Apela o INSTITUTO NACIONAL DE PROPRIEDADE INDUSTRIAL (INPI). Em suas razões recursais, alega que sentença recorrida é extra petita, já que deferiu tutela não requerida pela parte autora consistente na garantia de continuidade de fabricação do seu produto. Ressalta que o pleito da autora cinge-se à declaração de nulidade da Carta Patente MU 8103532-2. Por isso, sustenta que o provimento do Juízo de 1º grau deve ser anulado. Relata que a controvérsia acerca se a autora fabrica o mesmo produto patenteado pelo corréu é questão que deve ser discutida entre os particulares sem inclusão do INPI. Esclarece que a patente do modelo de utilidade MU 8103532-2 se apresenta válida (ID 94490827 – pp. 89/97).

Com contrarrazões da DELO INDÚSTRIA E COMÉRCIO LTDA à Apelação de LUIZ CARLOS GASTALDO (ID 94490827 – pp. 54/61), bem como  à Apelação do INPI (ID 94490827 – pp. 108/121).

Com contrarrazões de LUIS CARLOS GASTALDO ao Recurso Adesivo de DELO INDÚSTRIA E COMÉRCIO LTDA (ID 94490827 – pp. 65/85).

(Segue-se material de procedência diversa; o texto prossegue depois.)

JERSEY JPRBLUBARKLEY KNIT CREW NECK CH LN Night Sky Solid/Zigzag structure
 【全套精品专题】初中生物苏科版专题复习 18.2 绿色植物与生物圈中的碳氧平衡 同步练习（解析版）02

Com contrarrazões do INPI ao Recurso Adesivo de DELO INDÚSTRIA E COMÉRCIO (ID 94490827 – pp. 98/105).

Subiram os autos a esta E. Corte para julgamento em 22 de setembro de 2015 (ID 94490827 – p. 122), tendo sido redistribuídos a este Gabinete em 06 de março de 2023.

É o Relatório.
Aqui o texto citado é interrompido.